%%

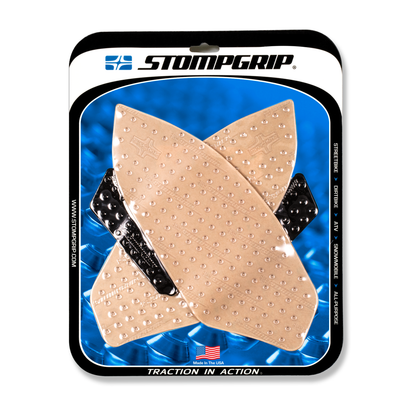 Stompgrip Volcano Tank Grips Clear for Honda CB500F/CBR500R 16-18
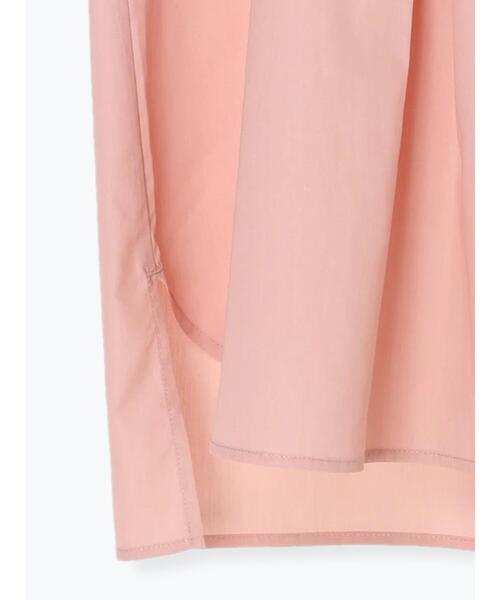 Te chichi(テチチ)の「ピンタックレースチュニックシャツ(チュニック・レディース・オフホワイト/ピンク/ブラック・フリ-)」の13枚目の写真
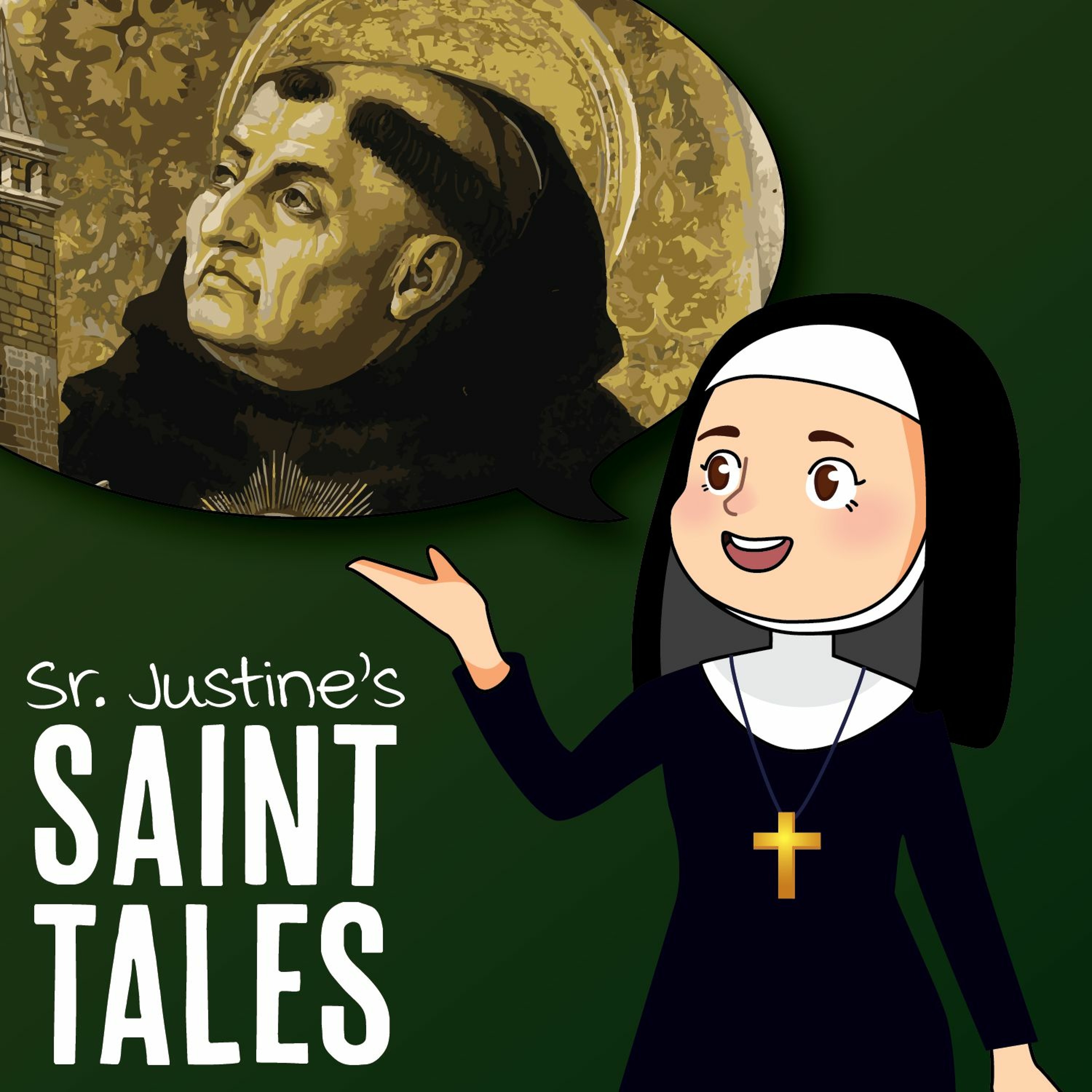 Sister Justine's Saint Tales - S2 E1 - St. Thomas Aquinas episode artwork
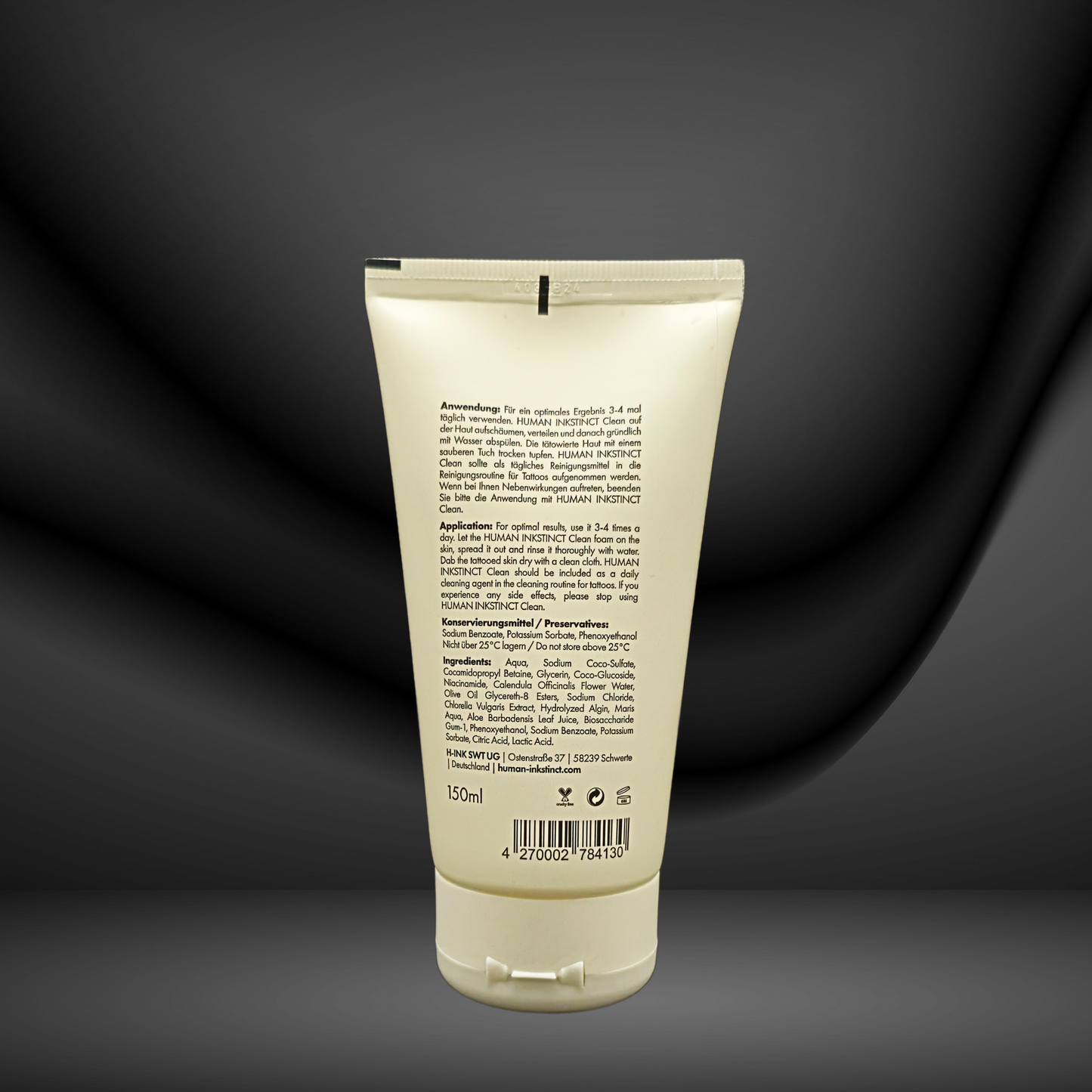 HUMANINKSTINCT - CLEAN / 150ml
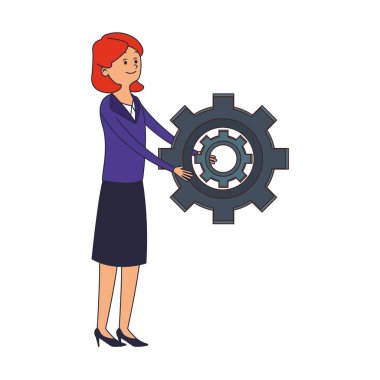 Kadın dişli simgesiyle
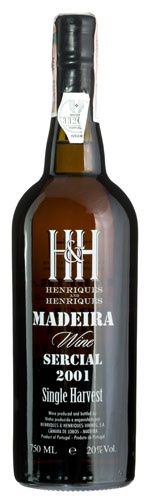 Henriques & Henriques Sercial 2001 Set 6 bottles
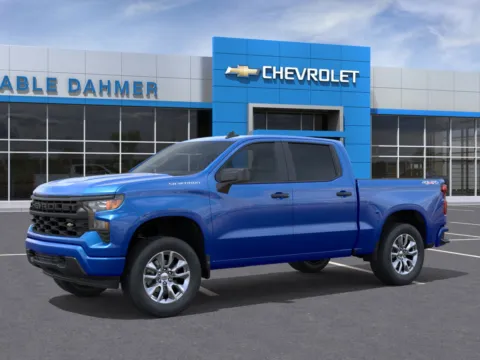 Photos of 2025 Chevrolet Silverado 1500 Custom for sale in Topeka, KS at Cable Dahmer of Topeka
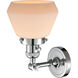 Franklin Restoration Fulton LED 7 inch Polished Chrome Sconce Wall Light, Franklin Restoration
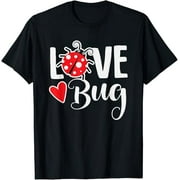 Love Bug Cute Valentine's Day Party Ladybug T-Shirt
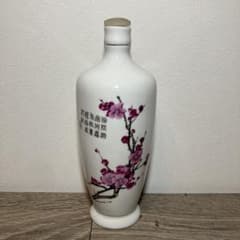 E-壁 中国名酒 汾酒 フェンシュウ 空きボトル 陶器 壺 飾り壺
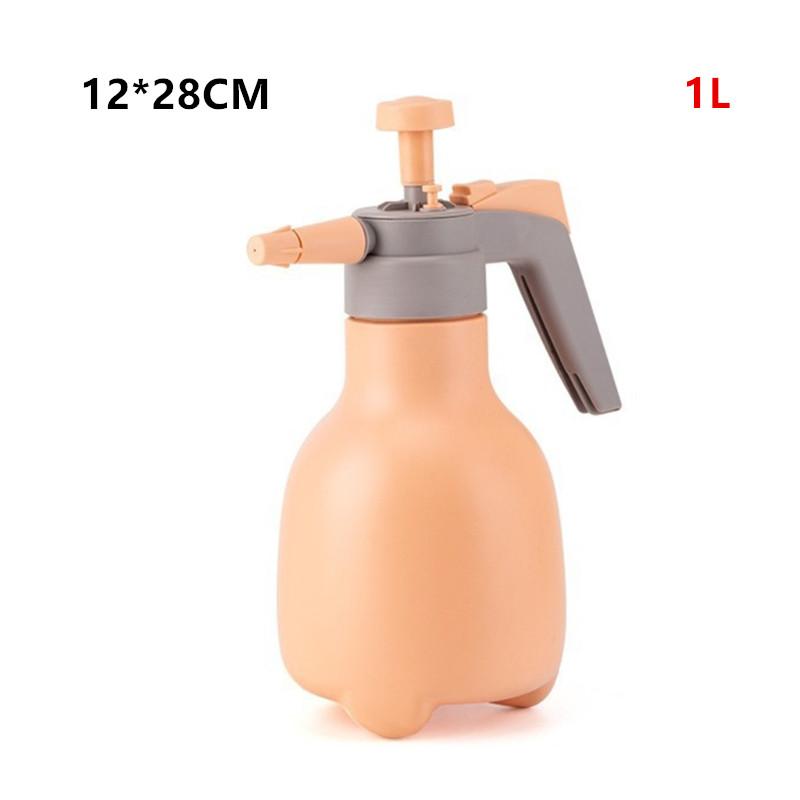 1л/1,5л садовый горшок для полива, распылитель под давлением, бутылка, аксессуар для полива растений для дома, сада, двора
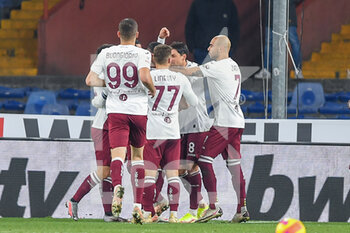 2021-12-16 - Torino celebrates after scoring a goal
 - UC SAMPDORIA VS TORINO FC - ITALIAN CUP - SOCCER
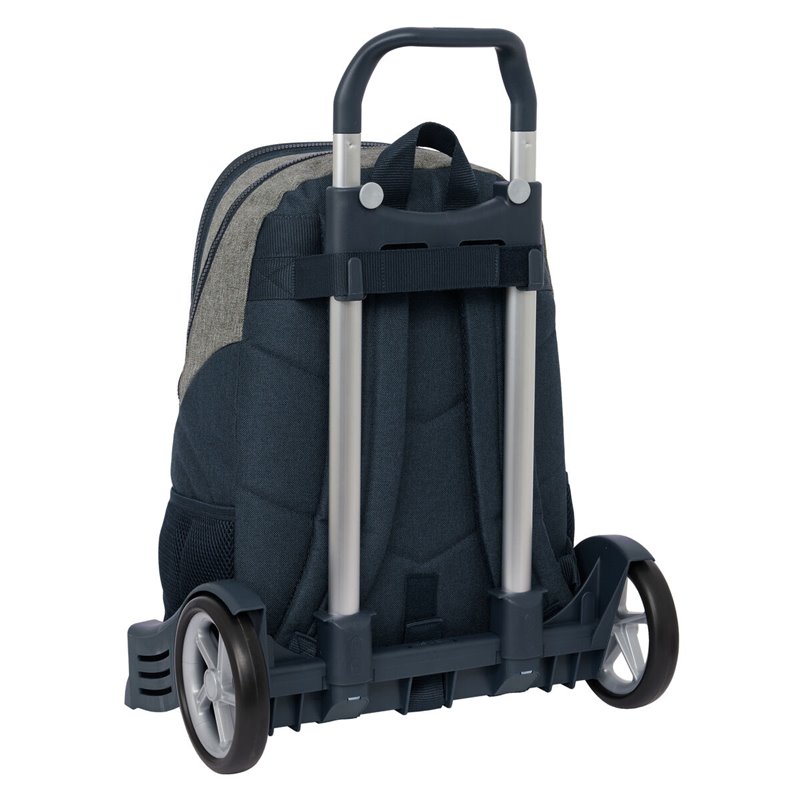 Image secondaire de Cartable à roulettes Kappa Dark navy Gris Blue marine 32 x 44 x 16 cm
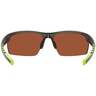 Native Eyewear Catamount Polarized Sunglasses - Dark Crystal Grey/Green Reflex  - Adult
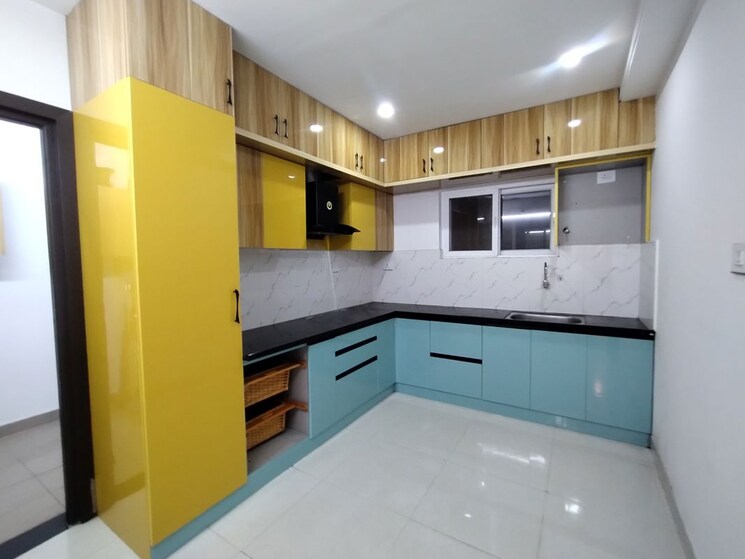 Kitchen, kokapet 3 Bedroom 1874 Sq.Ft. Apartment In Kokapet Hyderabad 9911046
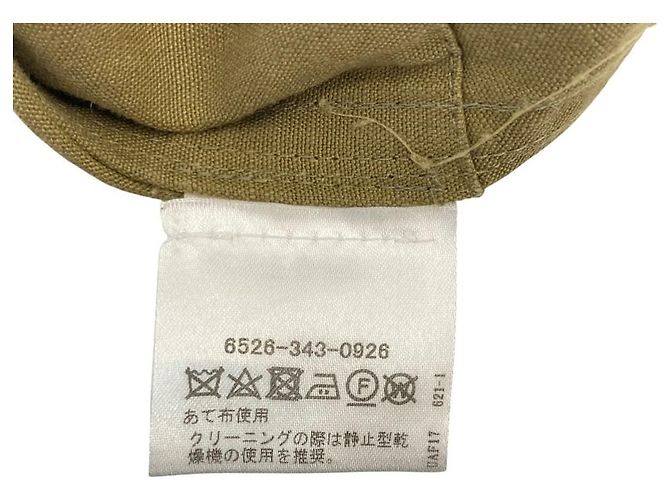 Autre Marque Ärmelloses Leinenkleid SOFIE D'HOORE Grün Khaki - Ansicht 4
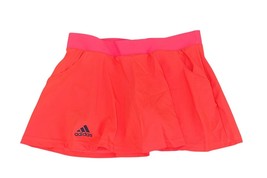 Adidas Women&#39;s Orange Club Skort Tennis Running Training Skirt Size Smal... - $364.18 MXN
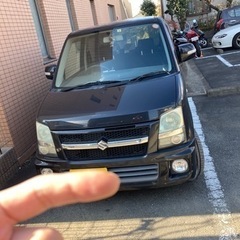 ワゴンR 乗って帰れます。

%%

TASK DIRECTIONS
Every line above has to be output exactly; the pictures must be dropped.

RESPONSE TO THIS EXERCISE
 Stompgrip Volcano Tank Grips Clear for Honda CB500F/CBR500R 16-18
 Te chichi(テチチ)の「ピンタックレースチュニックシャツ(チュニック・レディース・オフホワイト/ピンク/ブラック・フリ-)」の13枚目の写真
 Sister Justine's Saint Tales - S2 E1 - St. Thomas Aquinas episode artwork
 HUMANINKSTINCT - CLEAN / 150ml
 Kadın dişli simgesiyle
 Henriques & Henriques Sercial 2001 Set 6 bottles
 Photos of 2025 Chevrolet Silverado 1500 Custom for sale in Topeka, KS at Cable Dahmer of Topeka
 Franklin Restoration Fulton LED 7 inch Polished Chrome Sconce Wall Light, Franklin Restoration
 Love Bug Cute Valentine's Day Party Ladybug T-Shirt
 E-壁 中国名酒 汾酒 フェンシュウ 空きボトル 陶器 壺 飾り壺
 1л/1,5л садовый горшок для полива, распылитель под давлением, бутылка, аксессуар для полива растений для дома, сада, двора
 2021-12-16 - Torino celebrates after scoring a goal
 - UC SAMPDORIA VS TORINO FC - ITALIAN CUP - SOCCER
 Image secondaire de Cartable à roulettes Kappa Dark navy Gris Blue marine 32 x 44 x 16 cm
 Native Eyewear Catamount Polarized Sunglasses - Dark Crystal Grey/Green Reflex  - Adult
 Kitchen, kokapet 3 Bedroom 1874 Sq.Ft. Apartment In Kokapet Hyderabad 9911046
 Autre Marque Ärmelloses Leinenkleid SOFIE D'HOORE Grün Khaki - Ansicht 4
 Adidas Women&#39;s Orange Club Skort Tennis Running Training Skirt Size Smal... - $364.18 MXN
 ワゴンR 乗って帰れます。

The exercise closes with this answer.